Not all savings accounts are created equally, and your spending and savings habits will impact which savings account type may best suit your financial situation.
Here is what you need to know to ensure you’re searching for the right savings account for you:
If you’ve got a set savings goal in mind and want to meet it in an exact time frame, then you may want to consider a conditional savings account type. Compared to standard savings accounts with introductory rates, disciplined savers may benefit from the often-strict conditions to earn a high interest rate on an ongoing basis.
You’re discouraged from dipping into your savings by no-withdrawal criteria or rules around maintaining a minimum balance. You’re also encouraged to make regular deposits to boost your savings by minimum deposit criteria. All of this may help you to meet your savings goal in your chosen time frame.
If you’re more relaxed in your savings habits and just looking to save a portion of your income for a rainy day, you may want to consider a regular (also called standard) savings account. This type does not come with conditions you need to meet to earn its interest rate.
Further, regular savings accounts typically come with a higher interest rate for an introductory period (3 – 6 months), which then reverts to a standard variable rate. This allows you to set-and-forget your savings and cuts out the hoops you need to jump through just to earn interest.
This type also may suit those who cannot meet ongoing savings account conditions each month, such as those employed casually who can’t meet the monthly minimum deposit limit.
Whether you’re a tech-savvy saver, or just a fan of helpful features, online savings accounts and neobank savings accounts may help you to meet your savings goals faster thanks to helpful savings tools.

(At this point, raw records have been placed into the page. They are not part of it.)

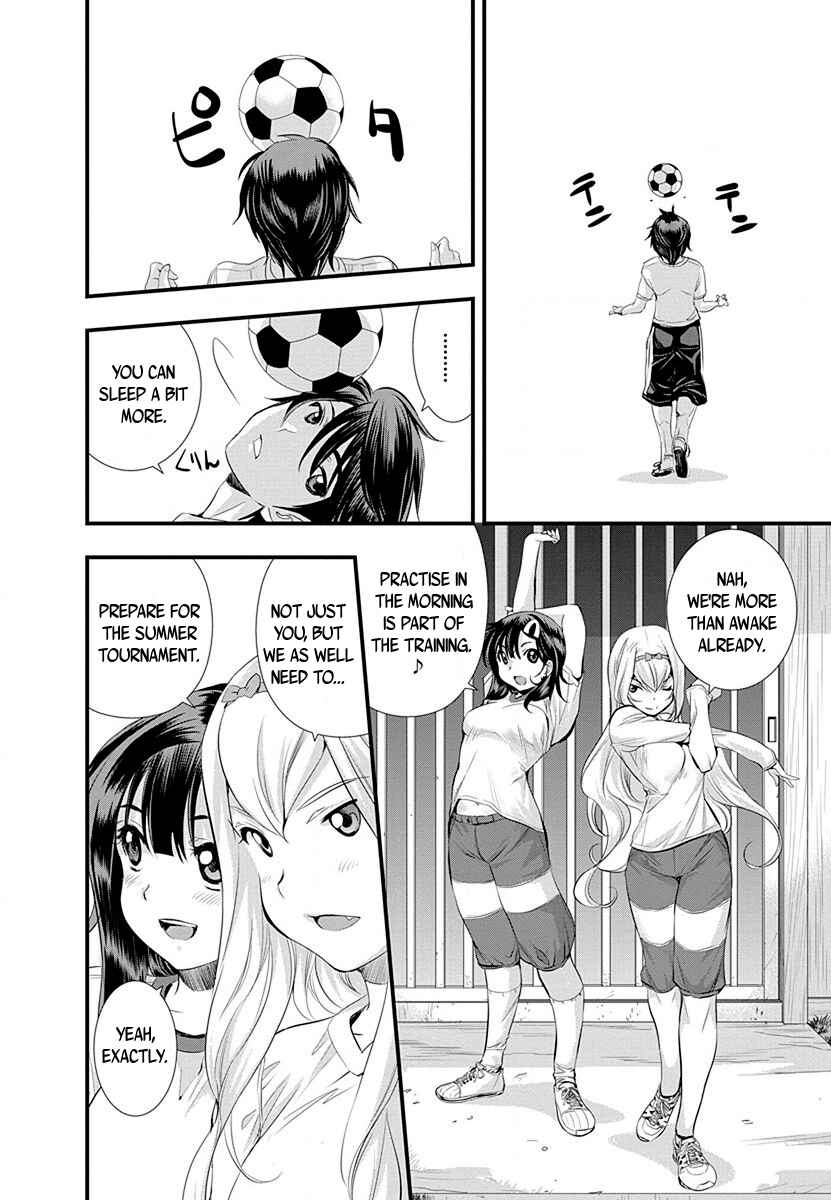 Page 4 Chapter 30 Mai Ball!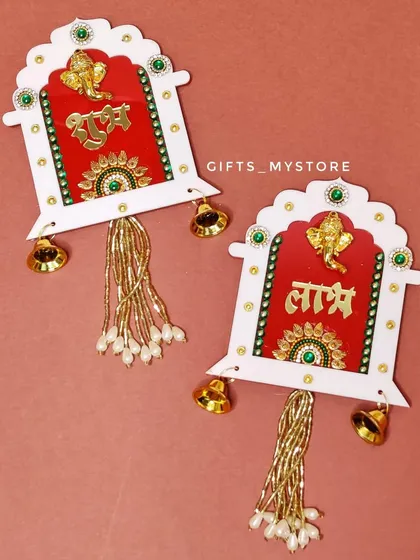 We also offer traditional decorative items like these 'Shubh' and 'Labh' door hangings, which can be included in any hamper to add a touch of festive tradition.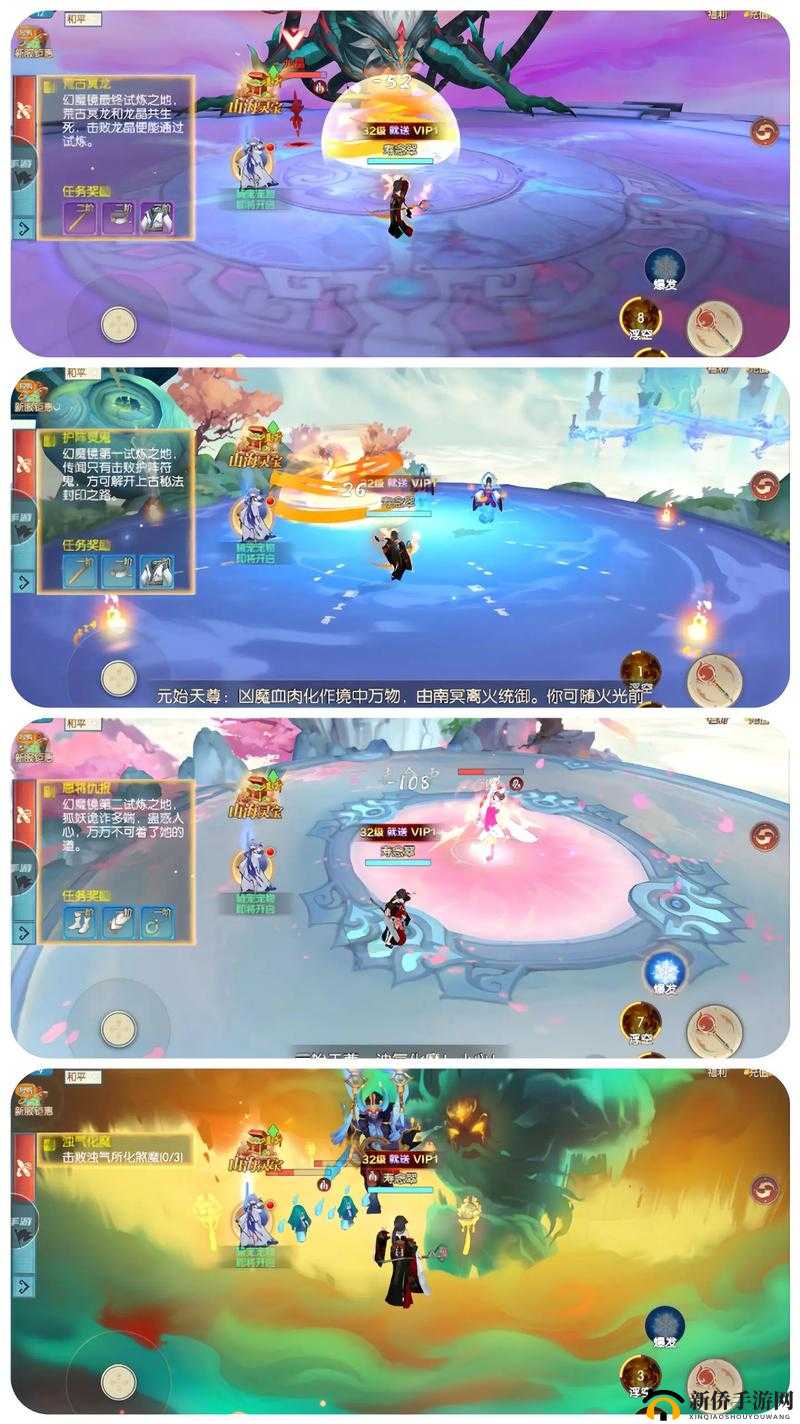 太古妖皇诀新手如何快速上手？全面入门攻略大揭秘！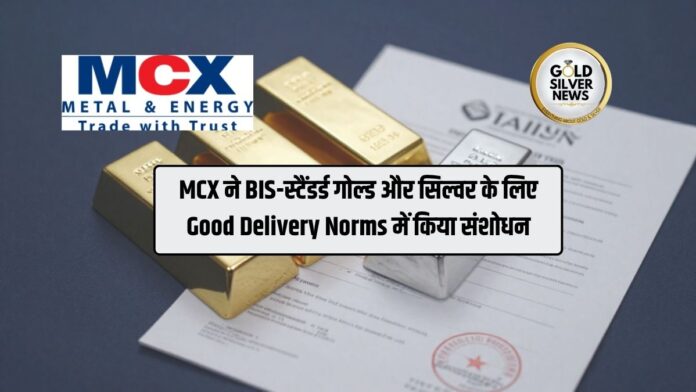 MCX Good Delivery Norms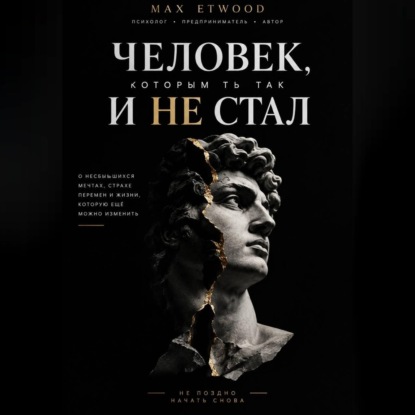 Обложка книги «Человек, которым ты так и не стал»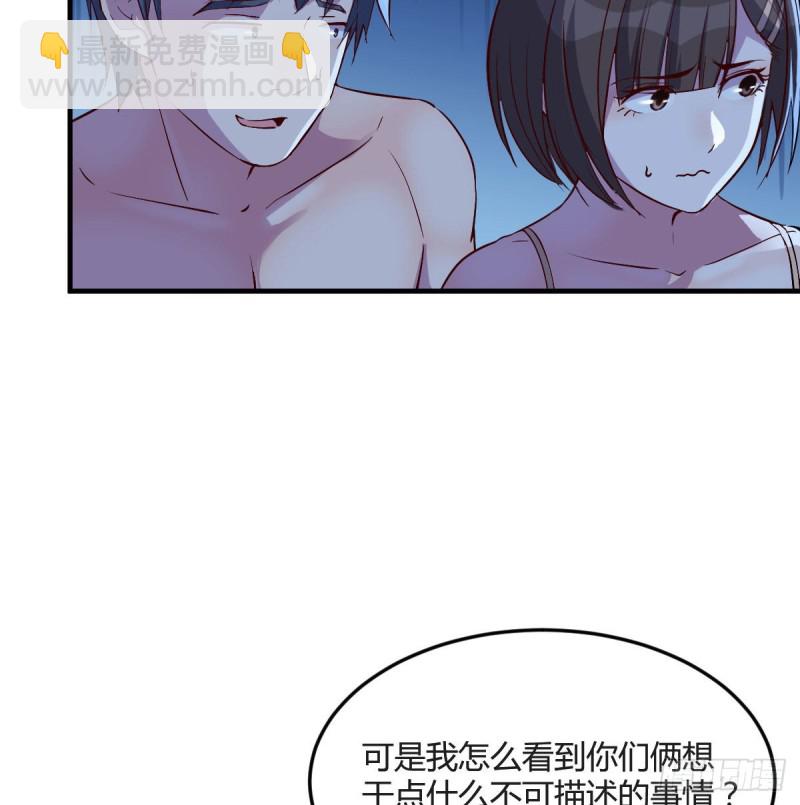 《家有双生女友（我家女友是双子）》一个小时后开饭 第30页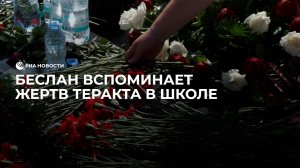 Беслан вспоминает жертв теракта в школе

They’re typically on the forefront of fintech, such as Round-Up tools, which allow savers to transfer all the spare cash to the nearest $1 or more between their earnings and expenses to their savings account.

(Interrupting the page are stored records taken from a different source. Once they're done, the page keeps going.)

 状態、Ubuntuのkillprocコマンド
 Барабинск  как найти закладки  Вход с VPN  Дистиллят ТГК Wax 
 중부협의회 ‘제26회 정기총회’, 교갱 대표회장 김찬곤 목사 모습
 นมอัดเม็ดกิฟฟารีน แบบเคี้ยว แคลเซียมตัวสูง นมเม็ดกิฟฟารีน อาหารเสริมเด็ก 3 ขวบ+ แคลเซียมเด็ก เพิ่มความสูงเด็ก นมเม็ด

Further, online savings accounts typically offer higher interest rates and fewer fees as these providers can keep overheads low by cutting out branches and other expenses. If you’re not a fan of online banking, and prefer face-to-face customer service, this savings account type may not suit your financial situation.

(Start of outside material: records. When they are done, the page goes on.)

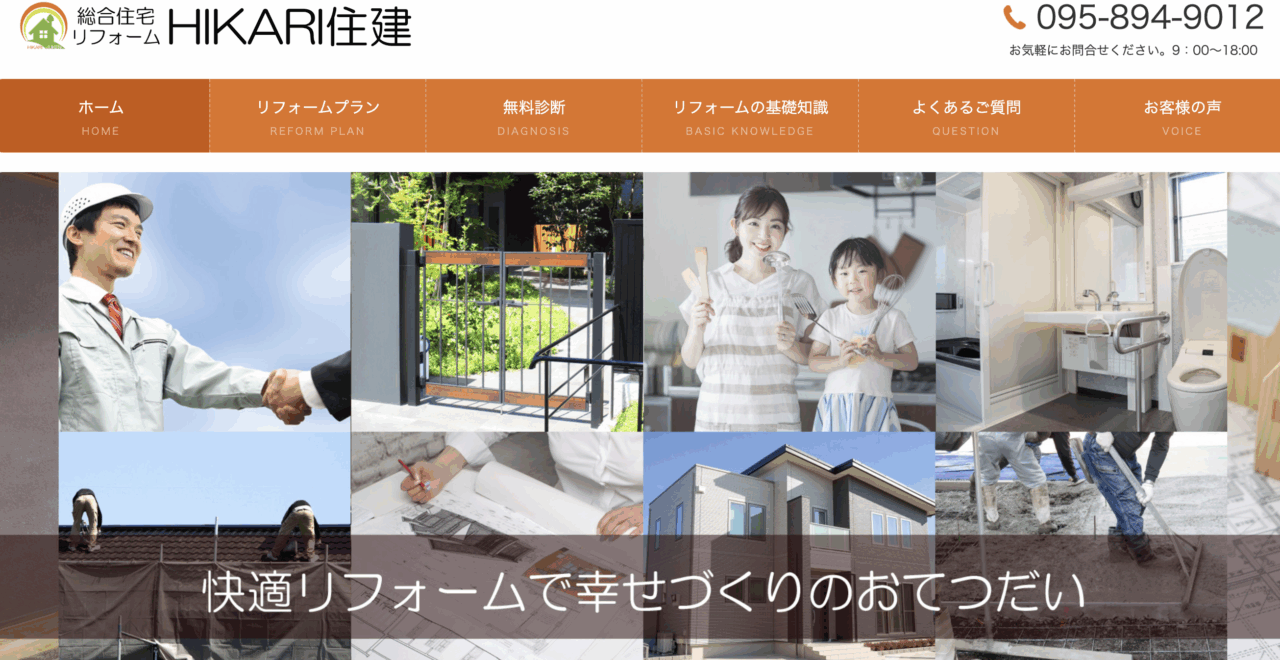 HIKARI住建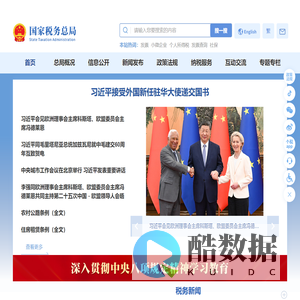 国家税务总局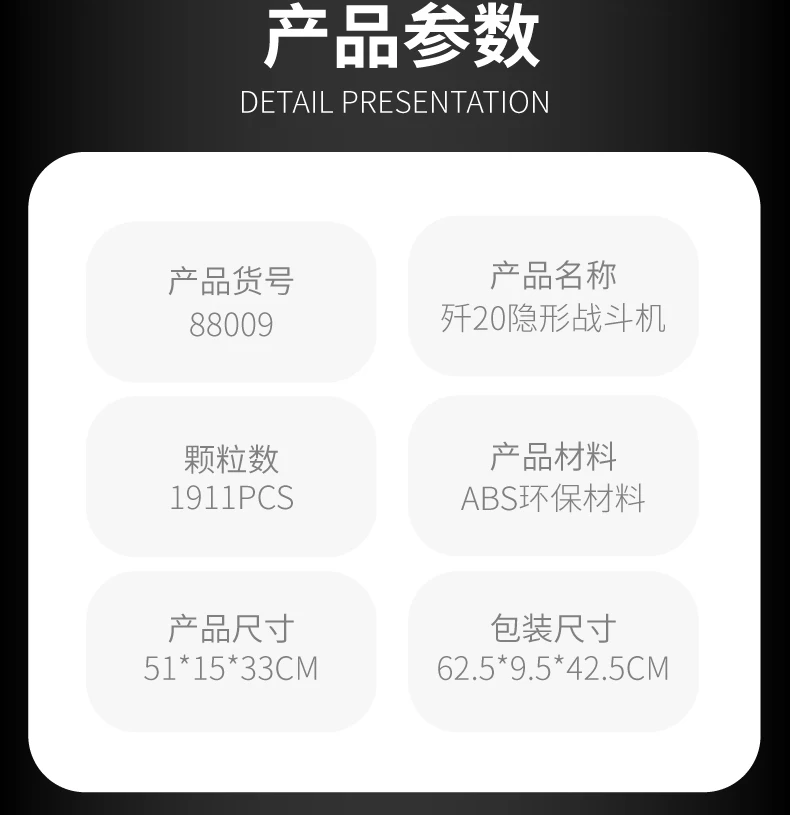 88009_14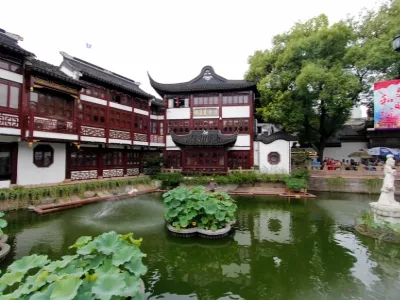 Yu Garden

- Teaching financial literacy
You may have children and want to start teaching them about finances and securely store their pocket money. This is where children’s savings accounts may come in handy. Kids will begin to understand the banking system and may learn about saving your “income” (pocket money) and budgeting for something you want, like toys or electronics.
You may also take advantage of linked educational savings apps to further teach your children financial literacy. These accounts often come with higher interest rates than adult accounts, but also may have higher fees, and come with strict rules around usage to prevent misconduct.